We all wait for the Black Friday to benefit from huge discounts. We tend to keep a close eye on our favorite brand’s websites or social media for a promo-code or an interesting offer. What will be your reaction if your favorite brand posts an incomplete promotional post?
Normally for big brands, it’s important to plan a promotional campaign on holidays and events like Black Friday. The campaign is normally ready weeks or even months before the due day, with the design, caption, and links or the promo-codes. But this is not what happened with McDonald’s.
In 2017, McDonald’s corporate account tweeted an unfinished tweet about Black Friday. The tweet had only “Black Friday” followed by Need copy and link”. It was surely a reminder for the social media employee to include the promo content before scheduling the tweet. But he forgot to include the special offer in the tweet.
This mistake made many people and marketers wonder if it was a mistake or a deliberate action from the Marketing team to generate attention during a period of time when people are more interested in buying clothes, furniture, and electronics. It was maybe a way to make people go to McDonald’s stores to know what the promo is.
Why people started to doubt the mistake?
When there is an online mistake, it’s usually deleted before anyone sees it, however, the tweet was published on Friday, early in the morning, and has been published for over three hours without the Marketing team paying attention, even if it was during a working day and even why thousands of people liked the tweet and retweeted it.
But what caused more suspicion, is rather than deleting the Tweet, McDonald’s replied to that tweet and poked fun at themselves by promoting their caffeinated drinks.
They tweeted: “When you tweet before your first cup of McCafé … Nothing comes before coffee”
People loved the answer to McDonald’s, and the tweet went viral. Some people even asked the brand to reward the person behind this genius answer, by saying: “Please give whoever did that original tweet a break and whoever saved it a raise. If it’s the same person — a big breakfast platter.”
McDonald’s answer was perfect, whether it was a save to the mistake, or a planned strategy.
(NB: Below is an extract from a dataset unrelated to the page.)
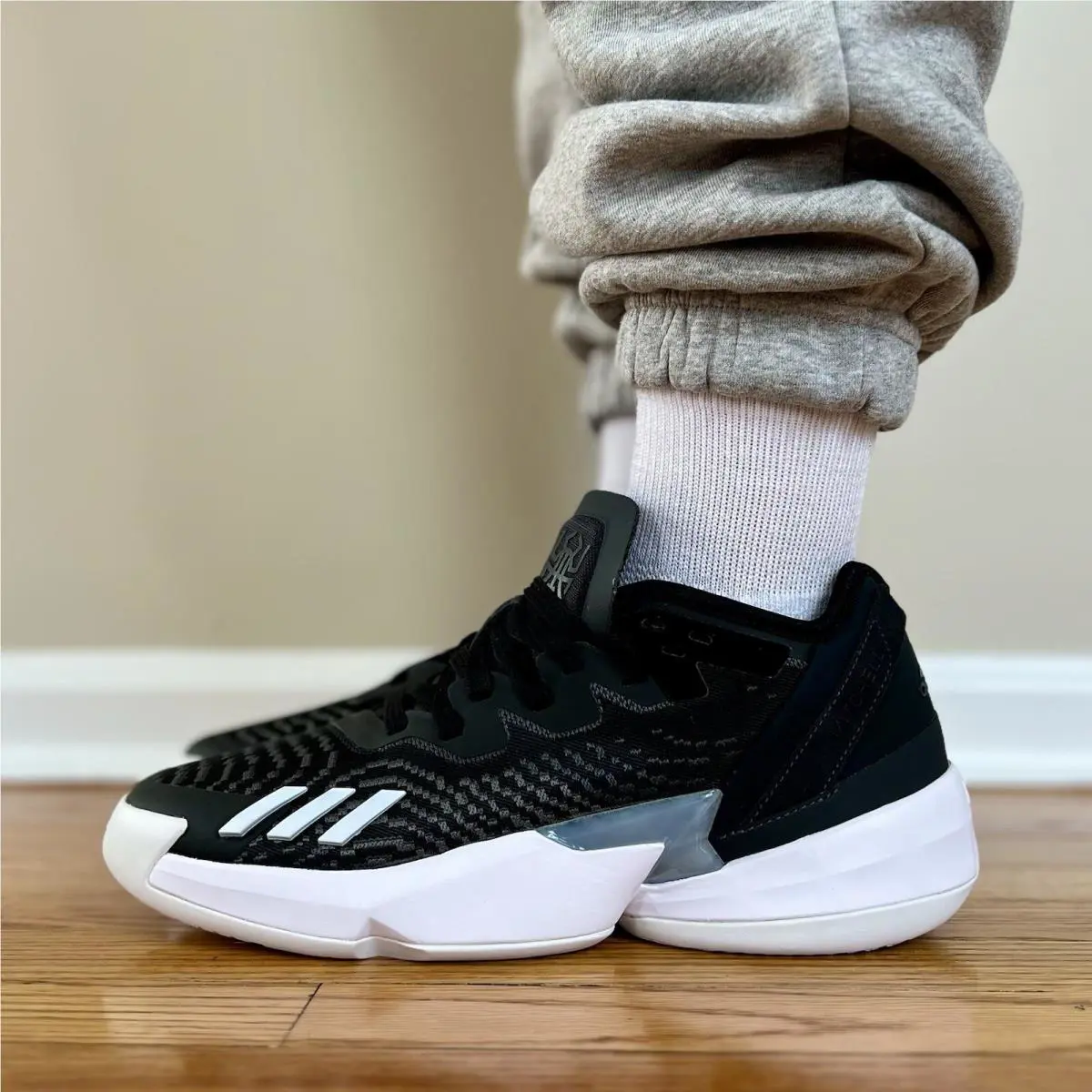 Adidas shoes - adidas D.O.N. Issue - Issue - Adidas DON Issue - Black 1
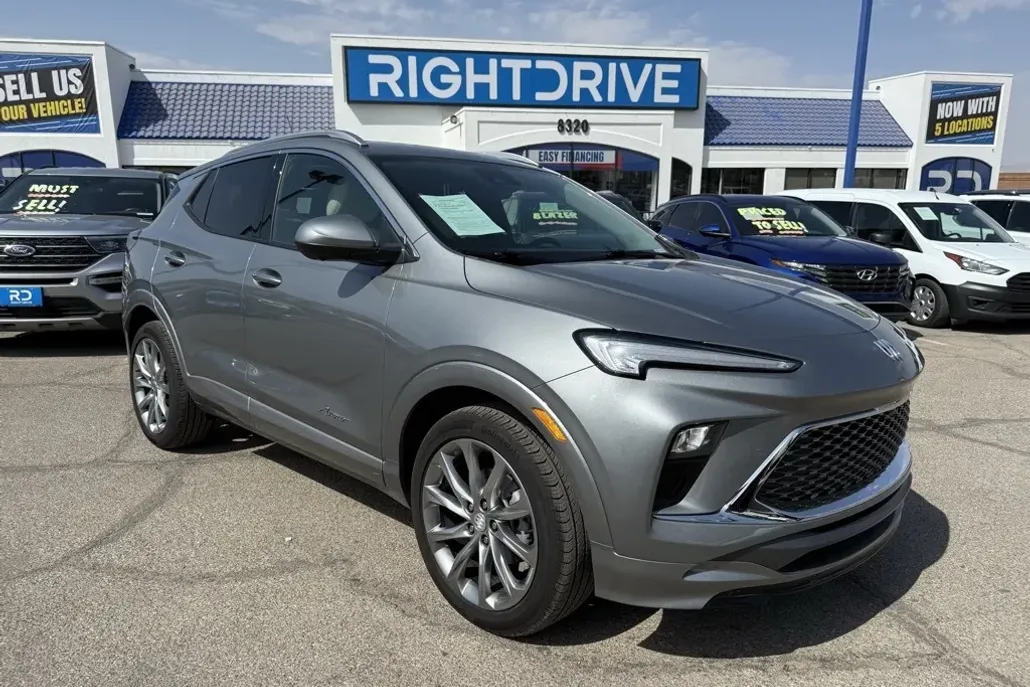 2024 Buick Encore GX Avenir photo 1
If the first tweet was a mistake, it means that the social media manager is a genius, for not deleting a tweet, and promoting one of their products. If it was planned it still makes him a genius because he made the tweet reach millions of people.
What can we learn from McDonald’s Black Friday Tweet?
If it was really a mistake:
- Be careful when you schedule posts.
- Double-check the content a few days before the due date.
- Never schedule a post and say that you will edit it later.
- Always put the caption and links in the content calendar.
- Never publish a post and not checking it regularly.
If it was a Marketing Stunt:
- A black Friday promotion would have been in the app.
- The account that published the tweet was verified but it was a corporate account, not the US account.
- When we correct a mistake we should publish the original tweet: The promo-code.